稚蚕飼育所巡りをするときには、古い住宅地図で場所を調べて、1/25,000地形図にプロットしておく。だが、住宅地図の街路と地形図が食い違っていたり、道が変わっていたりで容易にはたどりつけない。
特に、建物が無くなっている場合は「存在しないこと」を確認しなければならず、実存するものを探すのよりも格段にむずかしくなる。
東国分稚蚕飼育所は、存在するのかしないのか、あいまいな結論しか出なかった。
地図が指すエリアで飼育所として使えそうな建物は唯一左写真のもの。
窓がないモルタルの建物だが、これといった特徴もなく、今まで見てきたなかではこうした飼育所はなかった。

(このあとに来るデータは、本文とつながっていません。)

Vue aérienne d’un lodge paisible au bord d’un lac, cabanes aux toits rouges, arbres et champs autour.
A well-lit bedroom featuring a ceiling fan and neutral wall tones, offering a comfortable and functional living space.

あえて近い物件をあげるならば、前橋の小神明稚蚕飼育所だが、これはいまひとつ判じかねる。
そう思いながら進んでいくと、横に蚕箔の消毒槽があった。
どうやらここに稚蚕飼育所があったことは間違いなさそうだ。個人経営の飼育所だったのかもしれない。
なお、この飼育所跡の南側は、上野国国分寺跡になっている。
復元された講堂の基壇が見える。
子供のころ、こんなに整備される前は、よく瓦のカケラなど拾いにきたものだ。(あ、もちろん手に取っただけですよ、手に取っただけ。)